I tend to always end up playing around midnight EST, so hit the offline for maintenance an awful lot.
It bothers me that it's structured such that reload doesn't work, so thought I'd offer the apache configuration I use for my offline pages when I need them. In short, when it's activated, any request just gets locally mapped to the offline page, with an extra tweak to allow the offline accessories (images, stylesheets, whatever) to load just fine.
Here it is:
<IfDefine OFFLINE>
RewriteEngine On
RewriteCond %{REQUEST_URI} !^/offline/
RewriteRule .* /offline/index.html [L]
</IfDefine>
To translate:
0) if apache is started with -DOFFLINE declaration, then ....
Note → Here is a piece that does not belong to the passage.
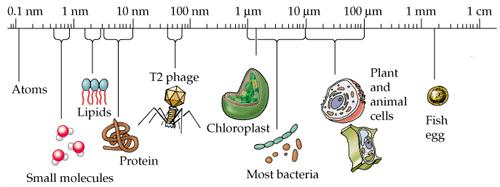 átomos lipidos bacteriófago cloroplasto Células animais e vegetais ovo de peixe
1) turn the mod_rewrite engine on
2) anything with a URI that begins /offline/ gets let through
3) anything else gets rewritten to the offline/index.html page
This is a good idea, thanks, but not appropriate for our situation.
We do live testing when the site is down - I can use the site as normal. So we can't do this at the Apache level.
I have always planned to modify that maintenance page so it appears on the last page you used, and therefore, even if you made a large forum post and the site went down, you could just wait and press ‘refresh’ on the browser until the site came up, and the your efforts would still be saved.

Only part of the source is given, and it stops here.